■ The input ■
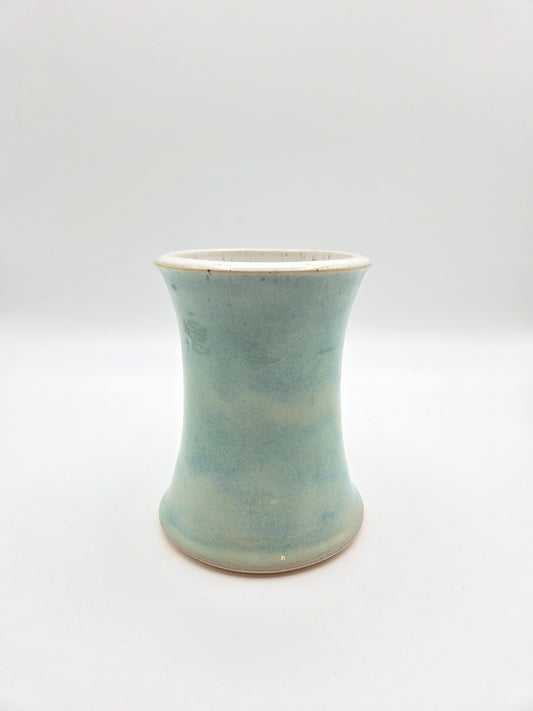 Teal Vase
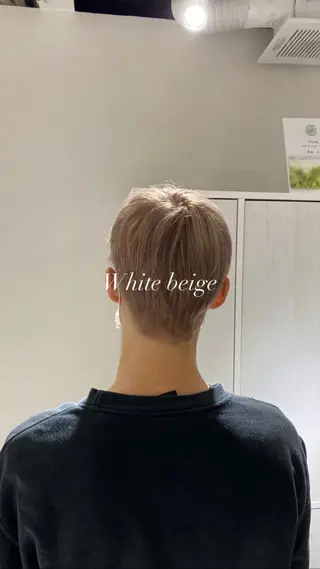 カラー メンズ 縮毛矯正とレイヤー カット/杉村凜汰郎のヘアスタイル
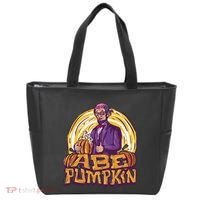 Abe Pumpkin Tote Bag thumb 0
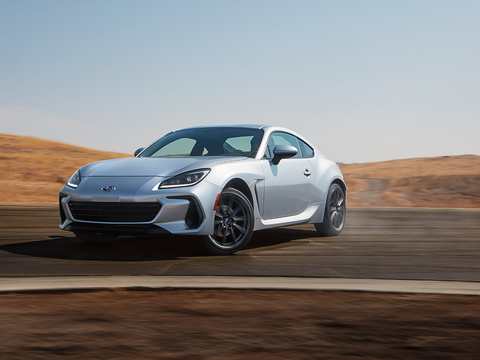 2022 subaru brz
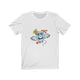 CHIP IN LOVE BLUE Unisex Jersey Short Sleeve Tee - The HAYZE Brand
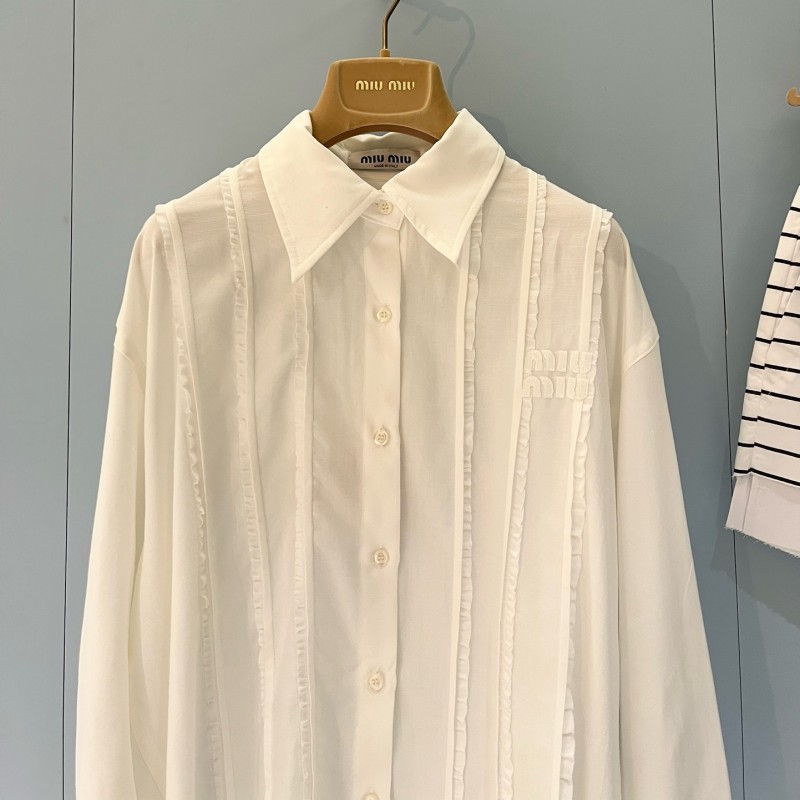 MiuMiu Long Sleeves Shirt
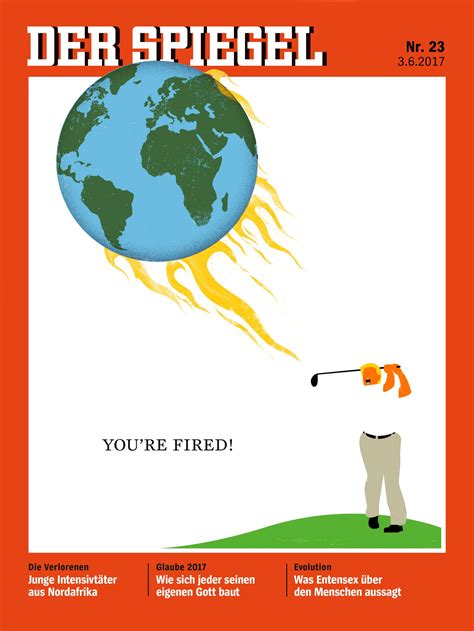 Der Spiegel S Trump Covers Photo Gallery Der Spiegel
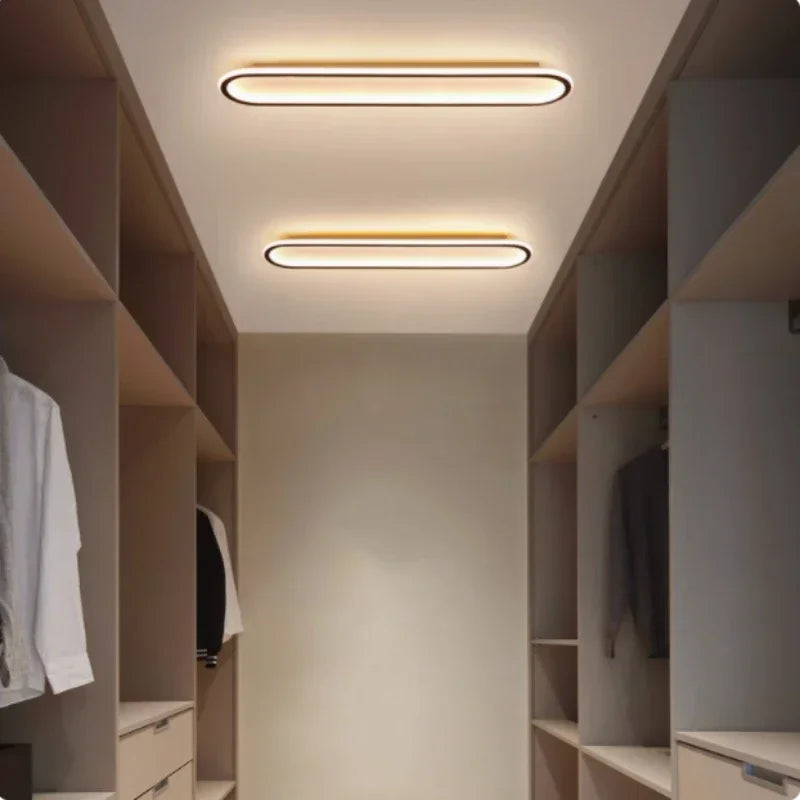 lampe led moderne ovale aluminium noir 40 60 80 cm blanc opaque autonomes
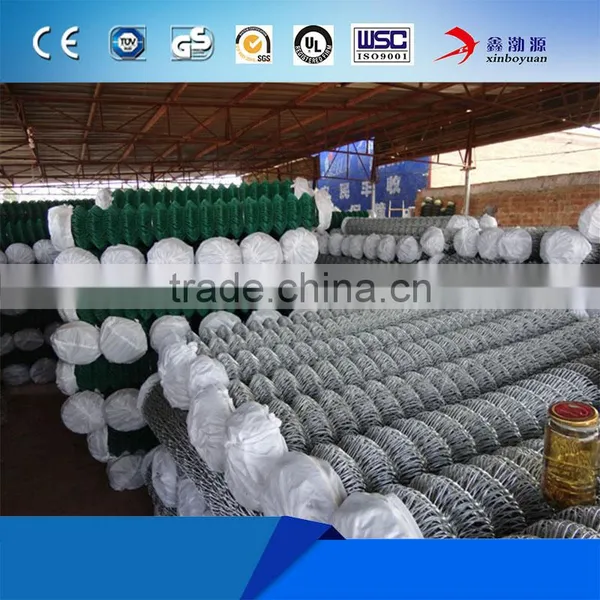 Classical Welded Chain Link Fence photo-3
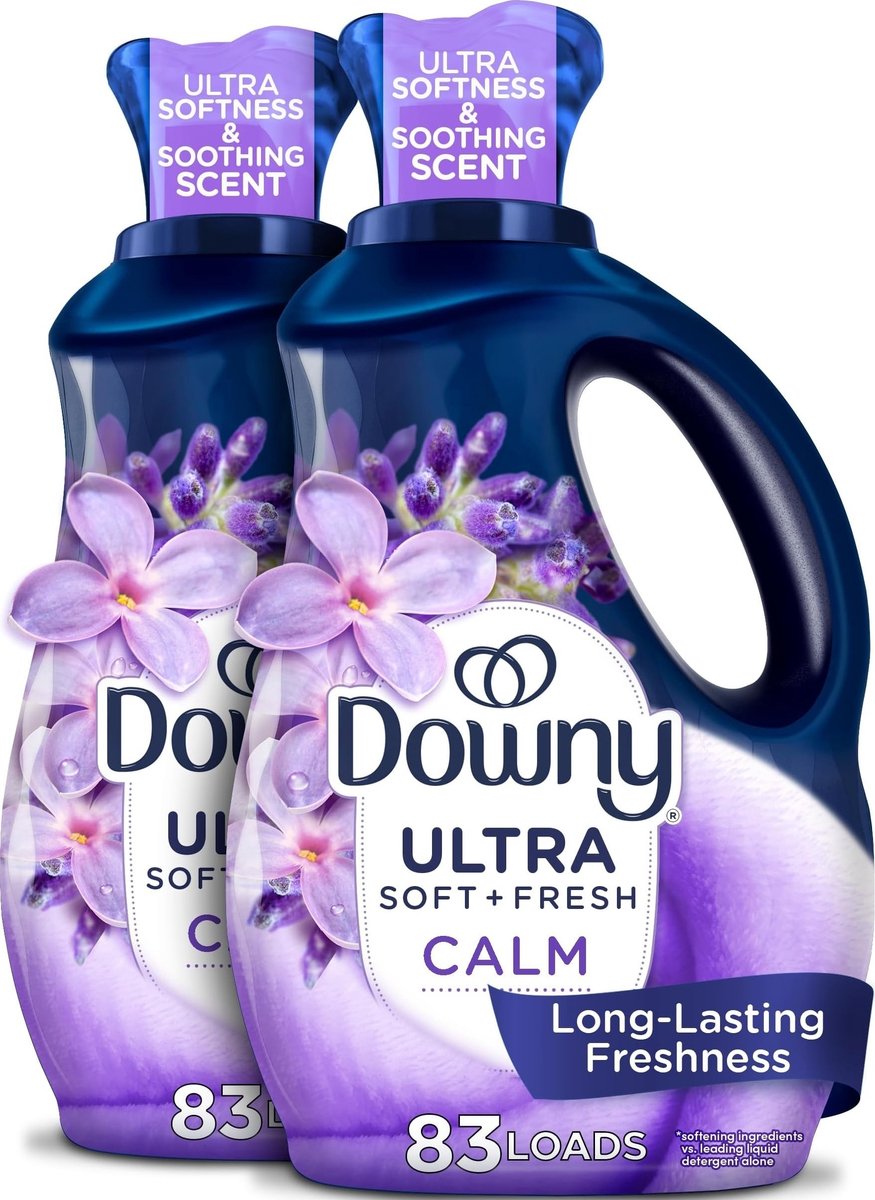 Vloeibare Wasverzachter met Lavendel en Vanille - 2x 56 oz
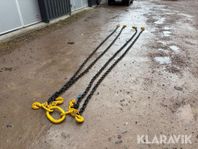 Lyftkätting 4-part & Flakvagn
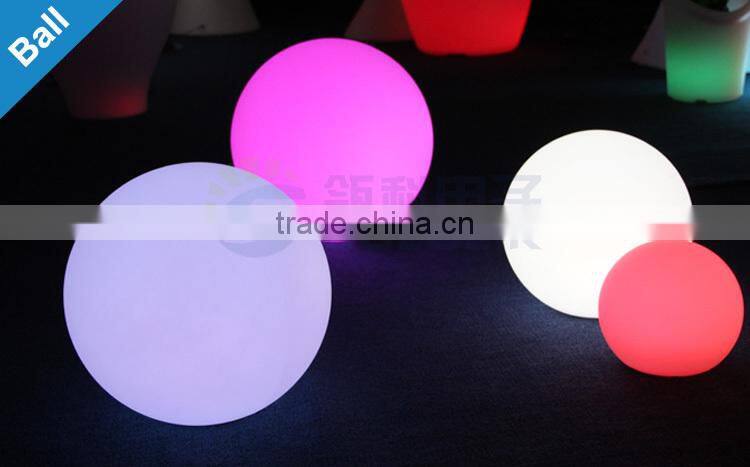 Pool Party Ball Decorative Waterproof Floating LED Ball Light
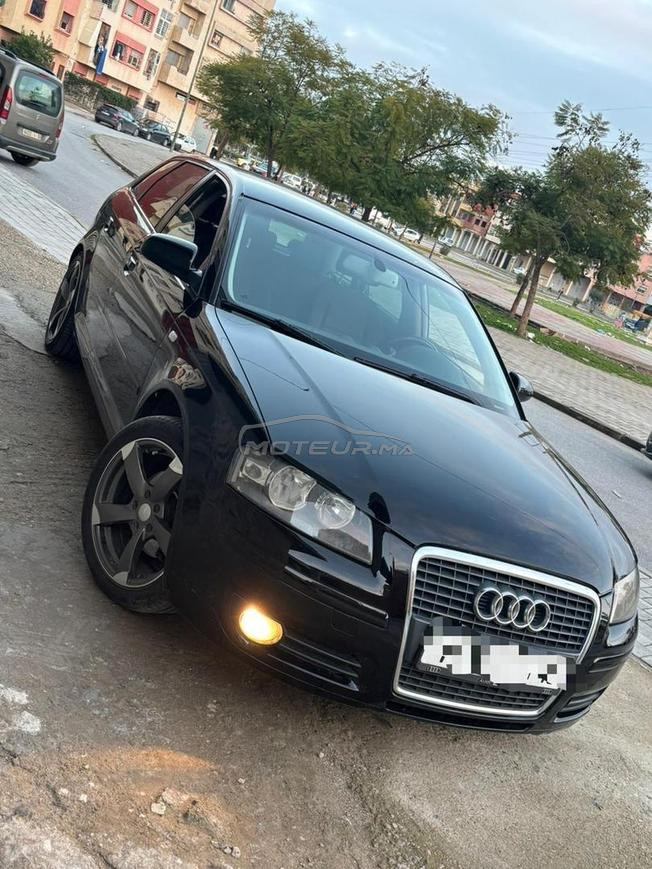Audi A3 Diesel Automatique 2009 à Kénitra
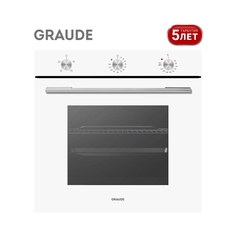 Встраиваемый электрический духовой шкаф Graude BE 60.0 White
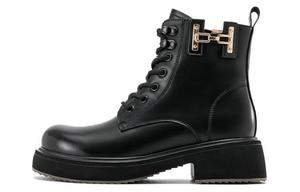 Ботинки Martin женские черный Aokang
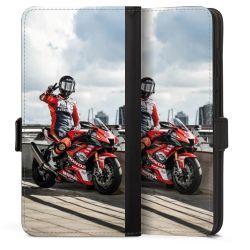 Sideflip mit Lasche schwarz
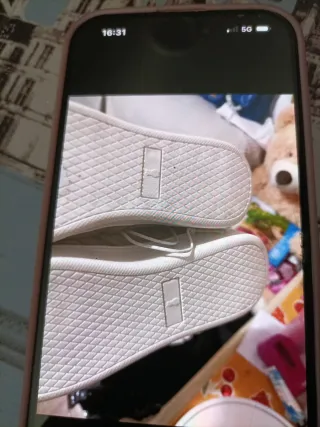 Playeros Mujer Beige Talla 38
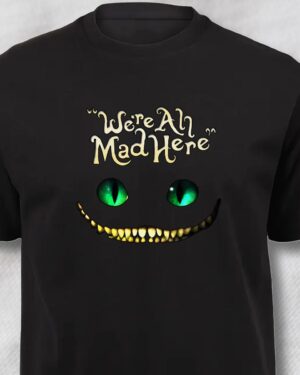 Alice in Wonderland Cheshire Cat Graphic Tee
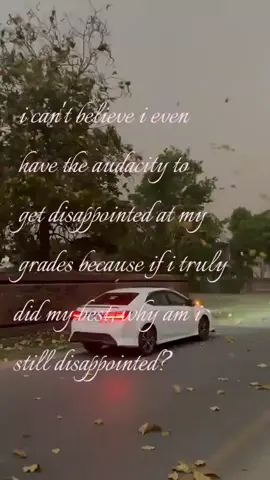hahaha #academic #notenough #dissapointed #pressure #failure 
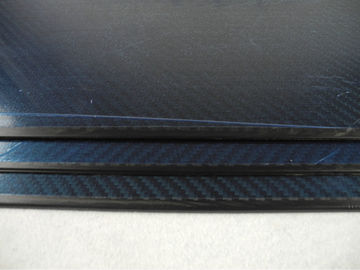 Auto / Hardware use Full Carbon Twill Matte Carbon Fiber Plate 1.2mm Thickness with 3K material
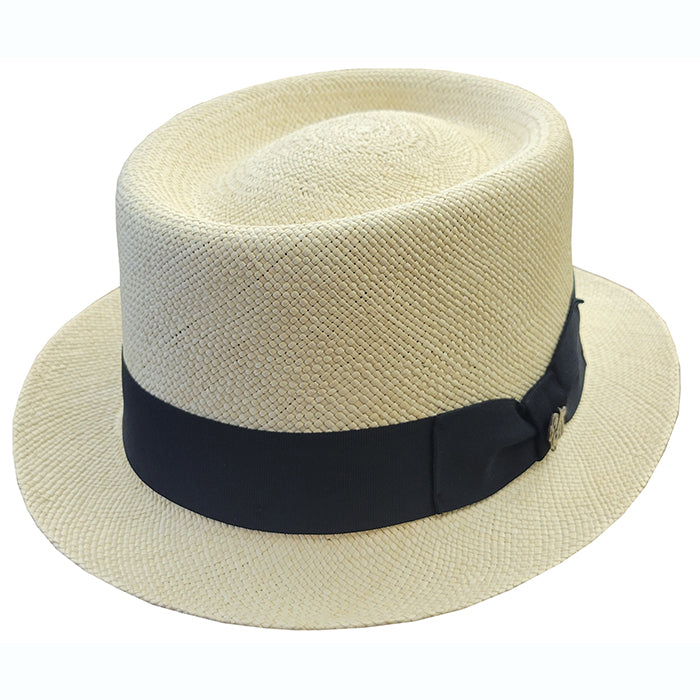 Bigalli Panama Pork Pie Hat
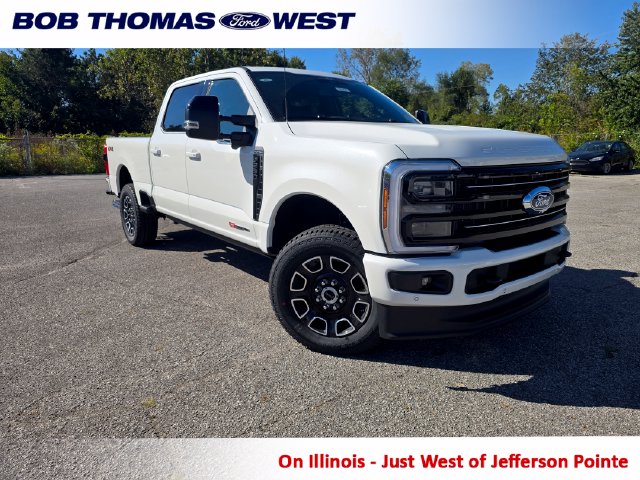 New 2027 Ford F-250 Platinum Truck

■ What the exercise asks ■
Your reply should consist solely of the lines above from the line containing "2022 subaru brz" up to and including the line containing "Classical Welded Chain Link Fence photo-3", reproduced exactly, minus the pictures.

■ Solution ■
 2022 subaru brz
 CHIP IN LOVE BLUE Unisex Jersey Short Sleeve Tee - The HAYZE Brand
 MiuMiu Long Sleeves Shirt
 Der Spiegel S Trump Covers Photo Gallery Der Spiegel
 lampe led moderne ovale aluminium noir 40 60 80 cm blanc opaque autonomes
 Classical Welded Chain Link Fence photo-3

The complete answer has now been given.